O mundo está cheio de gente preocupada com o “fim do livro”. Eu não tenho o menor medo disso. Temo, sim, o “fim da literatura”.

O livro de papel vai ser substituído por leitores eletrônicos. Vai ser um apocalipse, uma convulsão geológica capaz de afundar continentes e trazer ao sol plataformas oceânicas. Indústrias gigantescas, que durante séculos viveram do papel e da tinta, vão desmoronar como os templos dos últimos dias de Pompéia. E nos lugares mais improváveis vão surgir (já surgem) novas indústrias, transferindo o conteúdo da celulose.

A superfície Digital será onipresente: folhas flexíveis, transparentes, levemente luminosas, que se acenderão ao toque em pontos padronizados. Segurarei uma assim no café da manhã e verei (via wi-fi) a primeira página dos meus e-mails, minha timeline no Facebook ou meus clips musicais no YouTube. Se quiser, transferirei tudo com um toque para a parede da sala, também recoberta pela mesma camada de “microcristais ionizados” ou de sei lá o quê.

Poderei ler Ítalo Calvino na parede, Agatha Christie no travesseiro, Manuel Bandeira na lente dos óculos e H. G. Wells no para-brisa do carro (durante os engarrafamentos). Os livros de papel pertencerão ao passado, mas minha vida intelectual, como leitor, continuará a mesma.

É o fim da literatura que me amedronta. Pois hoje, na época do livro de papel, cada vez que piso em livrarias vejo os arraiais da literatura cada vez menores. Ela só brilha quando cabe na prateleira de lançamentos e sobrevive apenas se vender muito. Caso contrário, cede espaço à autoajuda, ao espiritualismo de barraca, aos manuais de vendas, às obras de dietas, gastronomia, viagens, turismo, piadas... Livros que se multiplicam a cada ano que passa, superlotando balcões, empurrando para cantos cada vez mais obscuros o romance, o conto, a poesia, a crônica e o teatro.
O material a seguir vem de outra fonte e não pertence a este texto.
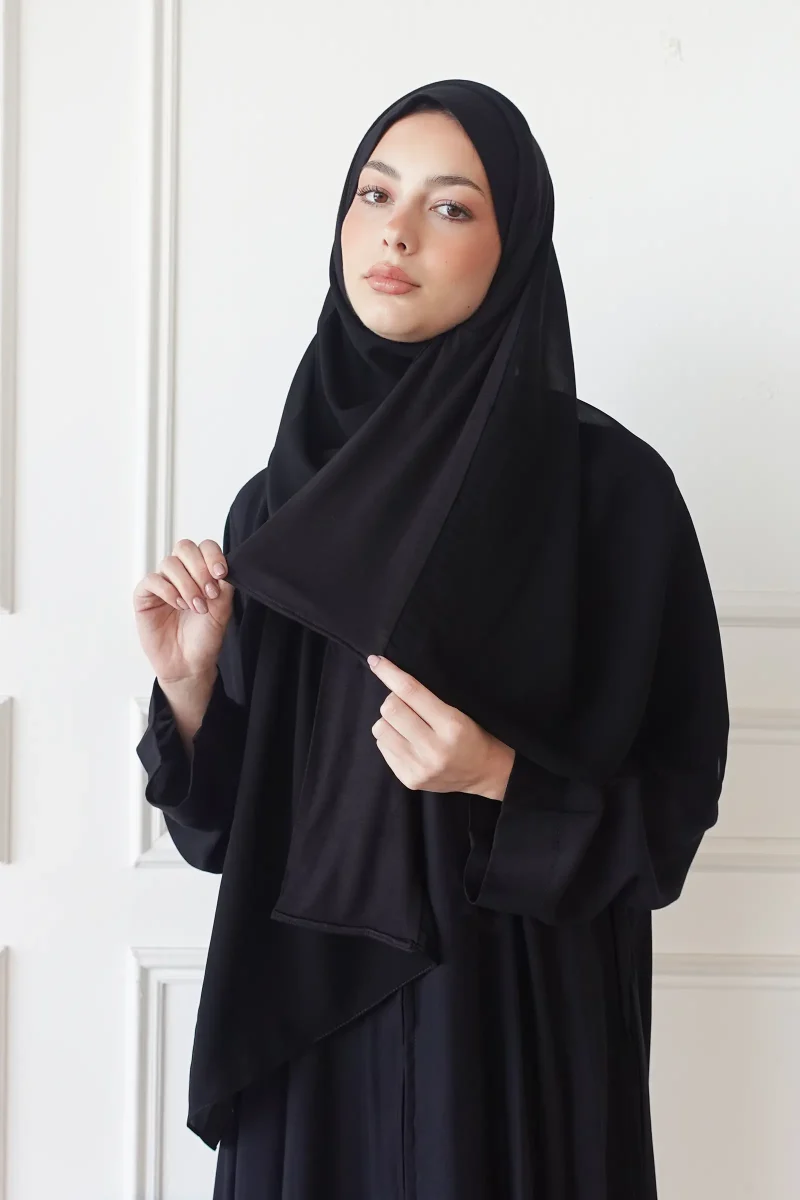 Half cotton half laser black scarf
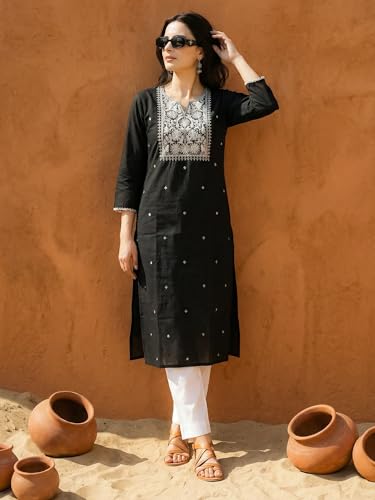 Image of INDO ERA Womens Straight Embroidered Chikankari Kurta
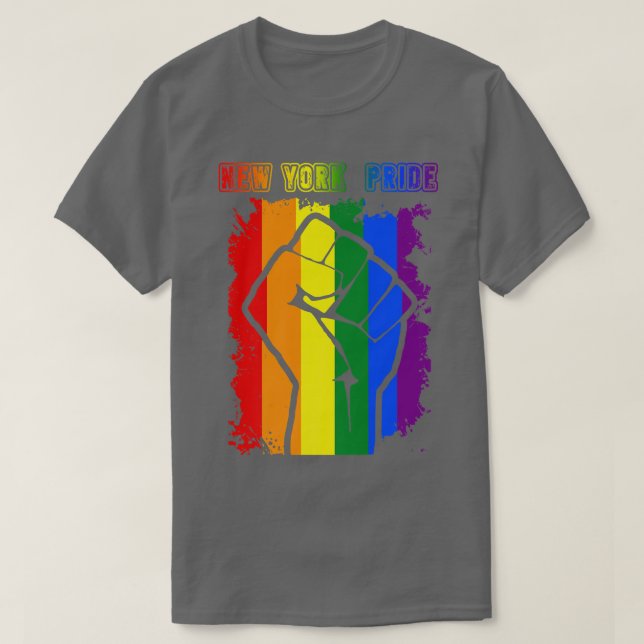 Camiseta Sinalizador do arco-íris LGBT LGBT de Nova Iorque  (Frente do Design)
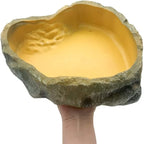 Resin Rock Food & Water Bowl for Reptiles — Naturalistic Terrarium Dish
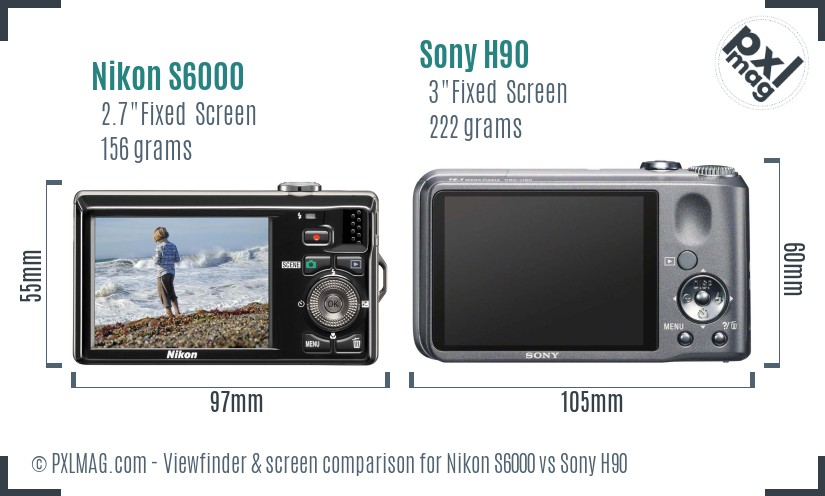 Nikon S6000 vs Sony H90 Screen and Viewfinder comparison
Não sentirei falta do livro de papel se o eletrônico seguir dando acesso a Raymond Chandler, Paulo Leminski, Júlio Verne, Julio Cortázar, Campos de Carvalho... Afinal, é de literatura que eu gosto. E de nada me serviria viver num mundo de livros de papel que só falem de anjos e de culinária e de onde a literatura desapareça por falta de leitores.